As Kim Davis, the Kentucky county clerk who refused to issue marriage licenses to same-sex couples, spent Labor Day weekend in jail, her attorneys were hard at work trying to arrange a way for her to go free and keep her $80,000-a-year job. On Sunday, Davis’s attorneys appealed the contempt order, which stipulates she must remain in custody until she complies with the law, to the 6th Circuit U.S. Court of Appeals. The notice to appeal said nothing about her attorneys’ reasoning, but lawyer Mat Staver said in a statement that she “is entitled to proper notice and due process when she is threatened with the loss of her freedom. There was no indication that she would be incarcerated.”

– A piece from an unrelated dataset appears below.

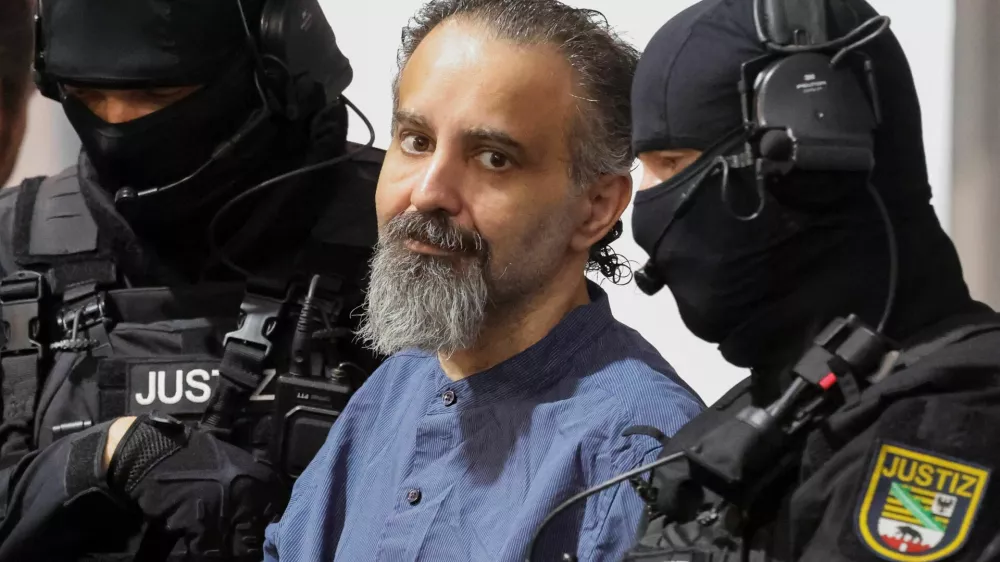 Suspect Taleb al-Abdulmohsen, a doctor from Saudi Arabia who faces charges of murder, attempted murder and dangerous interference with road traffic, looks on while being escorted by security officers as he attends his trial for the Magdeburg Christmas market attack, at a regional court in Magdeburg, Germany, June 26, 2026. REUTERS/Fabrizio Bensch
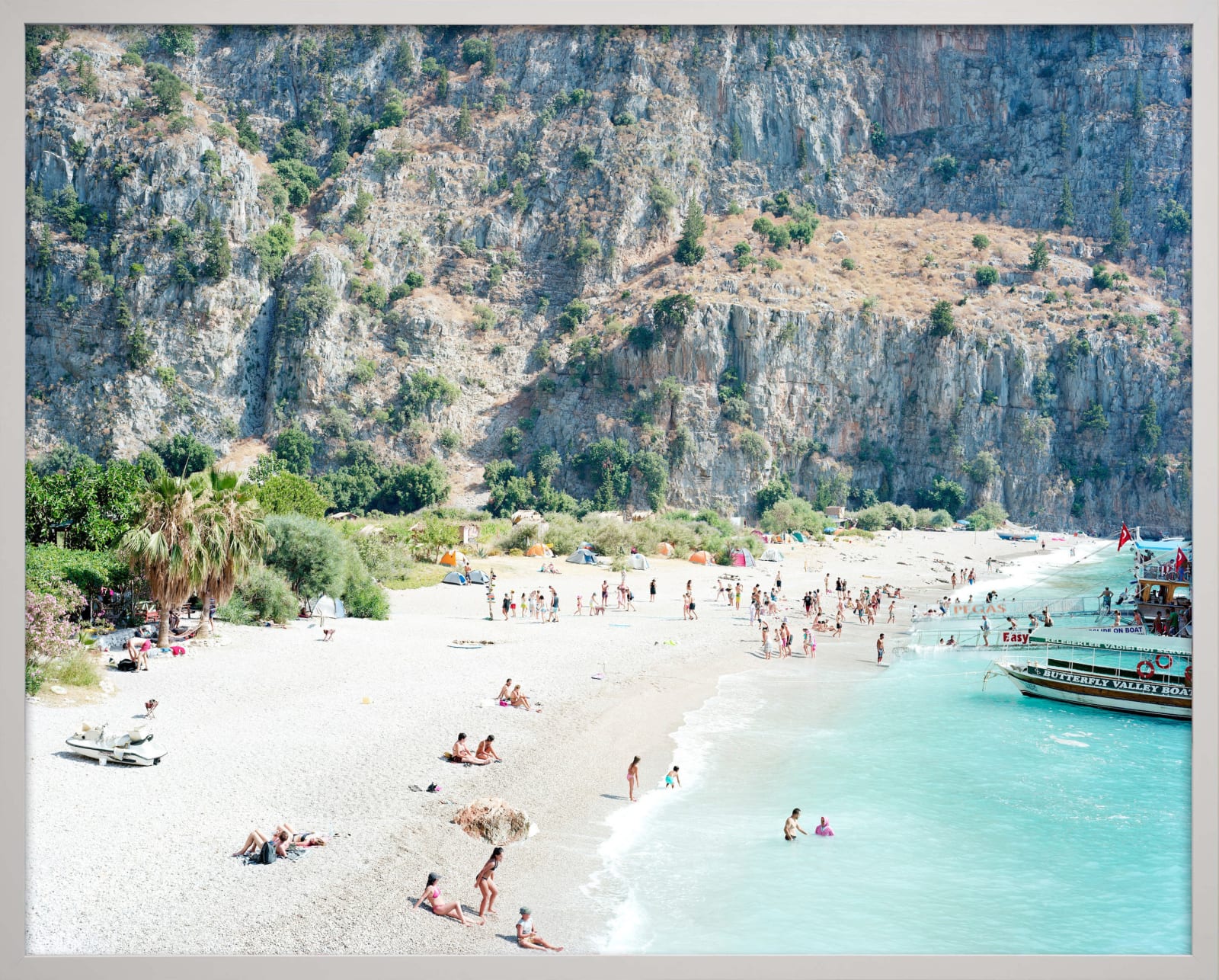 Beachgoers relaxing by the ocean with cliffs in background in Butterfly Valley, Turkey, by Massimo Vitali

On Monday Davis’s legal team filed an emergency request for an exemption from the “governor’s mandate that all county clerks issue marriage licenses.” The filing suggests that there are several ways Davis’s religious views can be accommodated, including letting the county judge or executive issue same-sex marriage licenses, and allowing a deputy clerk to issue them without Davis’s name on the document.
U.S. District judge David Bunning had offered to let Davis avoid jail if she allowed her deputies to issue marriage licenses to same-sex couples. She rejected the compromise, but the five deputies in the Rowan County clerk’s office who are not related to Davis agreed to comply with the law. The deputies have issued marriage licenses to several gay couples, but Davis’s supporters say they are not valid because they were not issued with her authority. “They are not worth the paper that they are written on,” Staver said.